There were two of us on it, with nothing to do but sit around babysitting the genny in case some twat hit the emergency stop button, and after a while we were getting bored so decided to stroll the grounds in the dark.

Marvelling at the stars above, we wandered about a huge lawn, our night vision seemingly enough, no need for torches. Suddenly my colleague disappeared. He was there, then he wasn't. I swear we stopped to look at the night sky, I asked him a question and got no reply, looked over and he had completely disappeared.

Obviously I shat myself, a joke's one thing, but I know he hadn't run away, he wasn't crouching down trying to fool me, aliens had obviously got him. Instantly deciding he was history, and not wanting to be next, I prepared to leg it back to the marquee when I heard a whimper.

Finding my torch, it turned out that my mate hadn't been abducted, he had taken one step more than me when I stopped and gone straight over the edge of an 8' Ha-Ha, the existence of which we were blissfully unaware. Luckily (?), he only broke his ankle, not his fucking neck, and was so shocked he didn't even cry out as he fell.

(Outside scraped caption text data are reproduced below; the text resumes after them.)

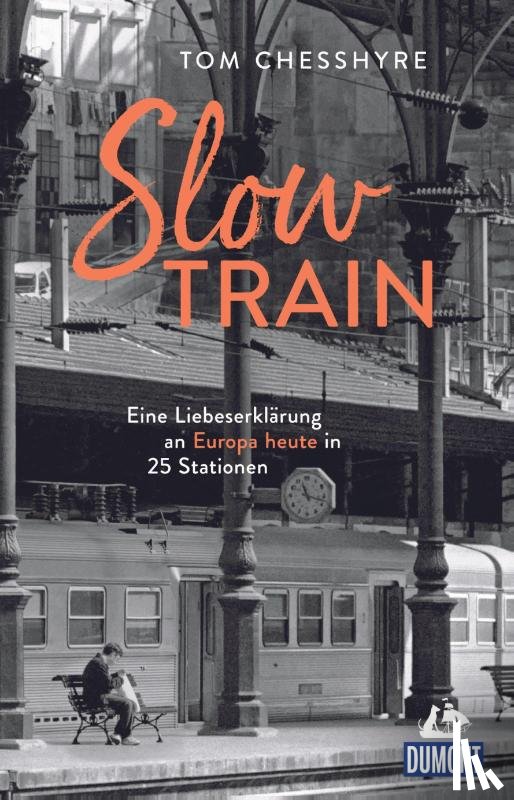 Chesshyre, Tom - Slow Train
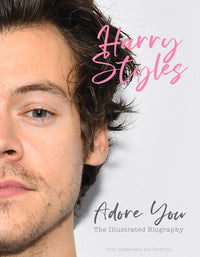 Harry Styles: Adore You : The Illustrated Biography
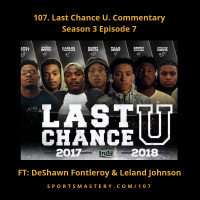 107. Last Chance U (Commentary #7)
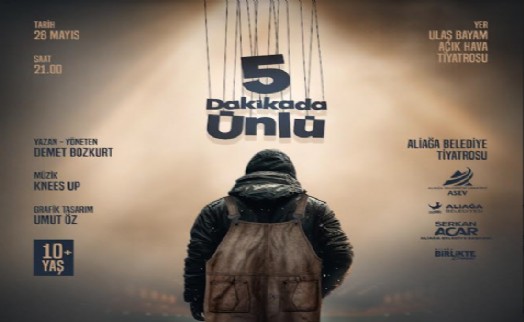 Aliağa'da ilk perde: ‘5 Dakikada Ünlü' seyirciyle buluşuyor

Moral of that story? Humans' night vision is shit, no matter how well-adjusted you may think it is. That's why torches were invented.
Oh, and one day I'll have a garden with a Ha-Ha, it must have been fucking hilarious to watch.
(, Sat 25 Jul 2009, 14:44, 6 replies)
Ha ha
Whats a ha ha?
(, Sat 25 Jul 2009, 20:52, closed)
FFS
Does your computer not have Google?
(, Sat 25 Jul 2009, 23:27, closed)
a "ha-ha":
It's a sort of 'invisible wall', designed to keep livestock away from your stately home or ornamental garden; without the visual intrusion of a traditional fence between the lawn and the grazing. It works, effectively, as a small cliff; or a shear fault.

The ground is level, suddenly drops a few feet, then carries on at a lower level. Note that this arrangement is only inconspicuous when viewed from the 'posh' side, looking from the 'plebian' side it's quite visible.

en.wikipedia.org/wiki/Ha-ha for better detail
(, Sun 26 Jul 2009, 1:03, closed)
and from the top of the Wikipedia page
"Ha-ha
For other uses, see Haha.
Not to be confused with laughter."

Lolz.
(, Sun 26 Jul 2009, 2:40, closed)
So, when you got your stately home
and your nice garden with the ha-ha, you'll need to set up infra-red CCTV. That way you won't miss anything.
(, Sun 26 Jul 2009, 2:41, closed)
Yep
I'll need CCTV too, like Tony Montana, because if I end up with a Stately Home it'll be thanks to the proceeds of crime.